I've been working on a little project on the bench that uses the usual line
powered switcher chicom "means well" (the company name, seriously!) and runs
cool as a cucumber at about 300 watts DC out. Now a class D amp as opposed to
a power supply is slightly more complicated, but not much. Its a bit larger,
but lighter, than a 3.5 inch hard drive. Also 300 real electrical watts is
probably well over 2000 watts marketing power, or 2000 watts music power or
whatever scam, so a realistic set of amps for a home theater surround system
is likely a bit smaller. More weight is put into display and controls now than
into the amps.

Another way to think about it is your modern zillion watt PC power supply
basically weight nothing compared to the supplies I was using in the
80s/90s/00s.

Analog electronics is not as boring as some digital types think... there's a
lot going on. For many years there are ham radio guys using a close cousin of
the class-D design to generate a couple hundred watts of HF for peanuts in
something that weights nothing. The day is probably coming in my lifetime
where legacy broadcast transmitters will be a 1U rackmount with a very fat
power cable in, a fat RF connector out, and thats it, no more closets or rack
sized machines just a little 1U box.

(edited to add a link to

[http://www.classeradio.com/8_fet.htm](http://www.classeradio.com/8_fet.htm)

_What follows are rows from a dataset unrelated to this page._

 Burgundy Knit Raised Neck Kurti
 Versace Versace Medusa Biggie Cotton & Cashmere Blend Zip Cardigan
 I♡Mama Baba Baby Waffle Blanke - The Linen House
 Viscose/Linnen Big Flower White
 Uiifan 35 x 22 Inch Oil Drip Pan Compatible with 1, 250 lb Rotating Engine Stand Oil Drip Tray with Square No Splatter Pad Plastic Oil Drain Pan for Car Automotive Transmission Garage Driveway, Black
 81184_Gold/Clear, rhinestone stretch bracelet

which shows a typical amp of this design.. now don't freak out about 90% of
the image is a variety of RF tuning gear the actual 400 watt 4 MHz or so RF
amplifier is that hockey puck sized PCB in the upper right on the coffee mug
sized heat sink... obviously an audio design would be immensely smaller and
simpler, and 400 watts of real power is like 4000 watts of marketing power, so
you could scale this down a bit...)

(edited one last time to add the interesting anecdote that 30-40 years ago
analog electronics had heatsinks and cooling fans, but CPUs had neither, and
the transposition is basically complete in consumer electronics... analog
stuff no longer uses or needs heatsinks/fans but seemingly all CPUs do, you
could cook bratwursts on my xbox 360 cpu cooling fan, for example but the 500
watt subwoofer loafs along with no heatsink or fan, this would have really
freaked out an electronics guy from 1975, for example)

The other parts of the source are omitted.